▸ Problem requirements:
Once the pictures are removed, restate the listing word for word.

▸ Data provided:
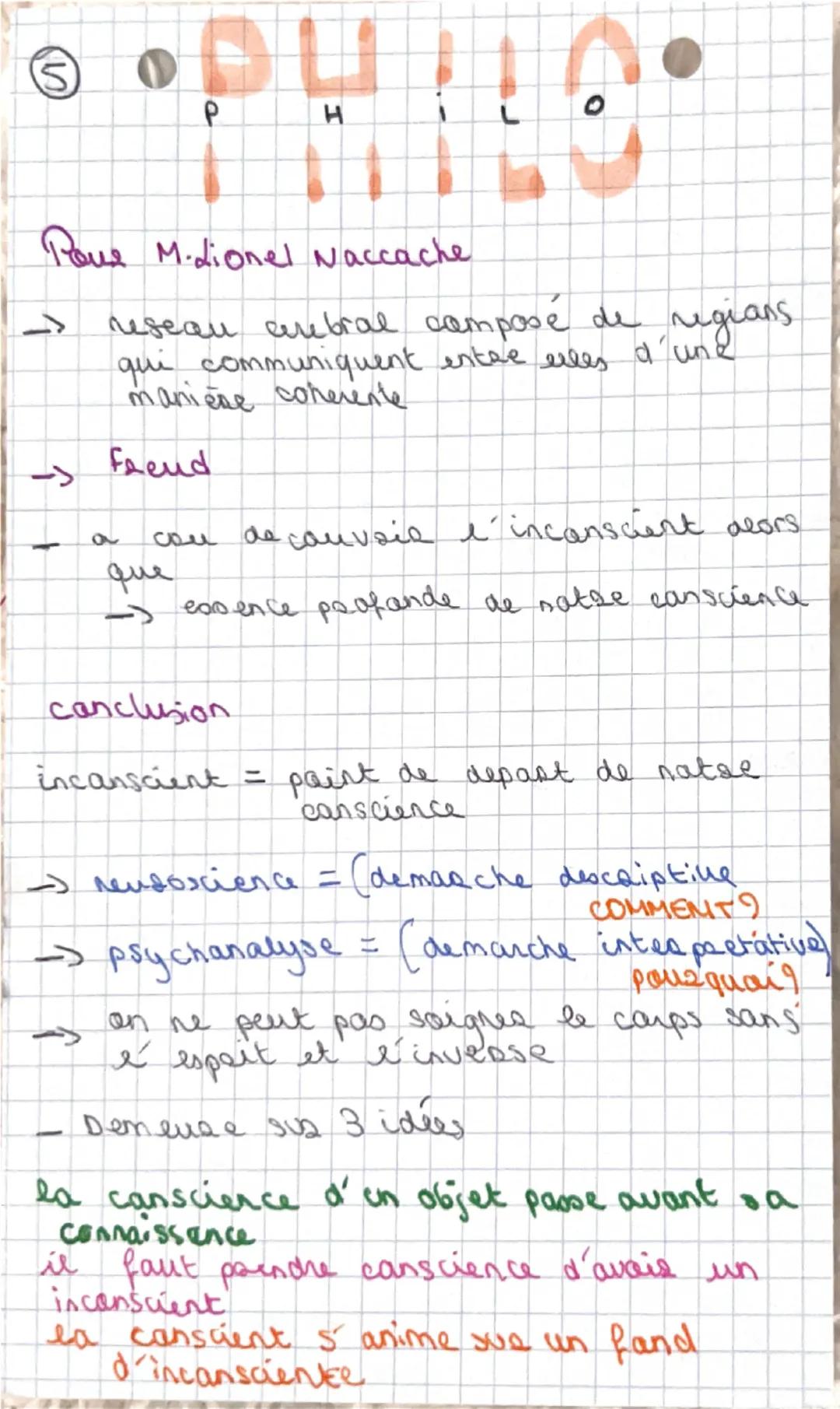 # PHILO

LA CONSCIENCE ET L'INCONSCIENT

Etymologie:
latin : cum scientia : Accompagné de savoir
-> conscience morale: possibilité de porter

▸ Reply:
 # PHILO

LA CONSCIENCE ET L'INCONSCIENT

Etymologie:
latin : cum scientia : Accompagné de savoir
-> conscience morale: possibilité de porter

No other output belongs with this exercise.